Brief descriptive captions:
Segment Open
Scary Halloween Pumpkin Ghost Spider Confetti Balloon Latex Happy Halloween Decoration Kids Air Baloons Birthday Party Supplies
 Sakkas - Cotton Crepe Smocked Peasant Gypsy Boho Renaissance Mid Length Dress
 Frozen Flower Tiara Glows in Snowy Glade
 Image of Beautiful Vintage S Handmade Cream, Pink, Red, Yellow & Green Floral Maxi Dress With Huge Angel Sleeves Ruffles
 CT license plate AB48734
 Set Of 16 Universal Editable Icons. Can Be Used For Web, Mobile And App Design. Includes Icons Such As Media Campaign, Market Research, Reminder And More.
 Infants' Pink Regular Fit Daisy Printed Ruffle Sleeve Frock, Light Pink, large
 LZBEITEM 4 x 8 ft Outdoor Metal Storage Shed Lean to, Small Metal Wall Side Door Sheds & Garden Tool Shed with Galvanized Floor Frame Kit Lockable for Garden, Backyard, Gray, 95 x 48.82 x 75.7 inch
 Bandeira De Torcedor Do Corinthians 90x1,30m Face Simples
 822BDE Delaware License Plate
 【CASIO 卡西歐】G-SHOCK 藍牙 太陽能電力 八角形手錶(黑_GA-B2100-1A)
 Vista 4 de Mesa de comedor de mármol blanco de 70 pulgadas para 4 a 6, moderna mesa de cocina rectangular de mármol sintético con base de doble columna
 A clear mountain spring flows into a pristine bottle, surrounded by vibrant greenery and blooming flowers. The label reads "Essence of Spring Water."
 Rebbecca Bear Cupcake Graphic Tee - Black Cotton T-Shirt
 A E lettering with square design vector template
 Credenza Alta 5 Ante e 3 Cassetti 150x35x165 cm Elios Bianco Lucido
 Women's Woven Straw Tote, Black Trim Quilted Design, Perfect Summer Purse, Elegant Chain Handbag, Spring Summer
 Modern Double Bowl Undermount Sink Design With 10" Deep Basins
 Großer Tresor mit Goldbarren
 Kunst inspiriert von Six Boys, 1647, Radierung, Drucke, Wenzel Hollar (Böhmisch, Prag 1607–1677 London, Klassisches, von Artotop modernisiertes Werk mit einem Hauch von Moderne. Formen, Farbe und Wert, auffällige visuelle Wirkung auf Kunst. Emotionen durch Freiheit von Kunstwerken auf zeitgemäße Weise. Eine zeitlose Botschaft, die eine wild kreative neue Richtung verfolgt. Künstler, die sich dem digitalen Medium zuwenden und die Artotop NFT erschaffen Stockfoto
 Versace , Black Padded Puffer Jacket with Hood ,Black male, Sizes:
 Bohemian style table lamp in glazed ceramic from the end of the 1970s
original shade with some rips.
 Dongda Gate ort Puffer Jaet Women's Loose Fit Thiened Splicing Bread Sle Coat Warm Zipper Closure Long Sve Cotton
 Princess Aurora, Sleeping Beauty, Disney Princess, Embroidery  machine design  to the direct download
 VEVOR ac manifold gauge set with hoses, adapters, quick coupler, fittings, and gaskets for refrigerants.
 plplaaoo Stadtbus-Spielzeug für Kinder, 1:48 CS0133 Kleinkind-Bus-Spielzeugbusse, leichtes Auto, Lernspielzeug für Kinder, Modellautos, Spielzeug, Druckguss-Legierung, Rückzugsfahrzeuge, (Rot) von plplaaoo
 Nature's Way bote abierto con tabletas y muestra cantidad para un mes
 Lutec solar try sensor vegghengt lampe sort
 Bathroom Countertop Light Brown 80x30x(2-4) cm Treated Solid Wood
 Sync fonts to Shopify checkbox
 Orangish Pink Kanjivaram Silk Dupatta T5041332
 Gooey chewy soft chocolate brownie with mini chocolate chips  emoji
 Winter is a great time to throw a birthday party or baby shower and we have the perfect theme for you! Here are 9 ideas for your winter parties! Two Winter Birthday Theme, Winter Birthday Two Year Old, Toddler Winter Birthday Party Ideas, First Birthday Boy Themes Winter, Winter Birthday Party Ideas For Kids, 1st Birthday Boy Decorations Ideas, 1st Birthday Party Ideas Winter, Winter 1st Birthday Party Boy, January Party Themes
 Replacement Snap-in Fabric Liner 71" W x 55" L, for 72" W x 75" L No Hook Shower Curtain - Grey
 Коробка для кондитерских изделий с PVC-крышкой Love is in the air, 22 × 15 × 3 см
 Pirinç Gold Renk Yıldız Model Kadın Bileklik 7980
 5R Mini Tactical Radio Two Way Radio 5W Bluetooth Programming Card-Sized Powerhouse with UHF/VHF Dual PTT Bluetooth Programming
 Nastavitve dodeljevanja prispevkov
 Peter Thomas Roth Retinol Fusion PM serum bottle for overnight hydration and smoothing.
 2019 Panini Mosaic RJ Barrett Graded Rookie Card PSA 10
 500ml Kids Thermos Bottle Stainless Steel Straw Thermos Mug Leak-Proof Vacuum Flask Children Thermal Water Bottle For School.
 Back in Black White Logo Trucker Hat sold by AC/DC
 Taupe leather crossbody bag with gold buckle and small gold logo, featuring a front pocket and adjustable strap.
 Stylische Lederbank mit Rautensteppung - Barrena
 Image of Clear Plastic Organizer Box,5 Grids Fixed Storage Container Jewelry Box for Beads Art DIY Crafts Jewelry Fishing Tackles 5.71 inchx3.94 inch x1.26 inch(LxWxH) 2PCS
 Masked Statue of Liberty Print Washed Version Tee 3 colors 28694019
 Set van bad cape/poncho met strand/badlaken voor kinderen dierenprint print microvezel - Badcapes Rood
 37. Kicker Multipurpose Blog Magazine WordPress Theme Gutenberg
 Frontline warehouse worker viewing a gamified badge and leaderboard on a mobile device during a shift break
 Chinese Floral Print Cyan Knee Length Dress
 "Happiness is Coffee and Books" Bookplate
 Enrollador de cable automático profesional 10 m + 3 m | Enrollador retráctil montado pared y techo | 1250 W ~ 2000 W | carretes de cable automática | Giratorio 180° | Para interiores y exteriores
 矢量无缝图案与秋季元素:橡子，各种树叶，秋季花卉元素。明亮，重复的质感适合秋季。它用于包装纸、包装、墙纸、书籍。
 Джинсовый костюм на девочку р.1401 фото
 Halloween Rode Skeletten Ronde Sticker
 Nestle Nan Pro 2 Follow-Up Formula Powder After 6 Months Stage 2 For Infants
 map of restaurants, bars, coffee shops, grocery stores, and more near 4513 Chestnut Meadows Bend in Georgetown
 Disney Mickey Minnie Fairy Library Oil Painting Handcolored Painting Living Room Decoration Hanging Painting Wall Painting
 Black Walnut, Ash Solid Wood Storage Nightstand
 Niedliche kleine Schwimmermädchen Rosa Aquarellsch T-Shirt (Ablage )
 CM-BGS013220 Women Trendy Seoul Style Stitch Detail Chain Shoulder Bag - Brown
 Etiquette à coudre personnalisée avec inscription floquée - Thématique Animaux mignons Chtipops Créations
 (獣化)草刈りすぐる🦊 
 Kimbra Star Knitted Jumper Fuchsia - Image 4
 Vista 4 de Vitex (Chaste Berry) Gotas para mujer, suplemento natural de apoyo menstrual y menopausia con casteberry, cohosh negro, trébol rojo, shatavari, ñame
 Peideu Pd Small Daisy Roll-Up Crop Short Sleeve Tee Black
Segment Closed
Problem details: Reproduce exactly, please, only the lines from the start of the data above to the line that contains "CT license plate AB48734", with both ends kept.

Response below:
Scary Halloween Pumpkin Ghost Spider Confetti Balloon Latex Happy Halloween Decoration Kids Air Baloons Birthday Party Supplies
 Sakkas - Cotton Crepe Smocked Peasant Gypsy Boho Renaissance Mid Length Dress
 Frozen Flower Tiara Glows in Snowy Glade
 Image of Beautiful Vintage S Handmade Cream, Pink, Red, Yellow & Green Floral Maxi Dress With Huge Angel Sleeves Ruffles
 CT license plate AB48734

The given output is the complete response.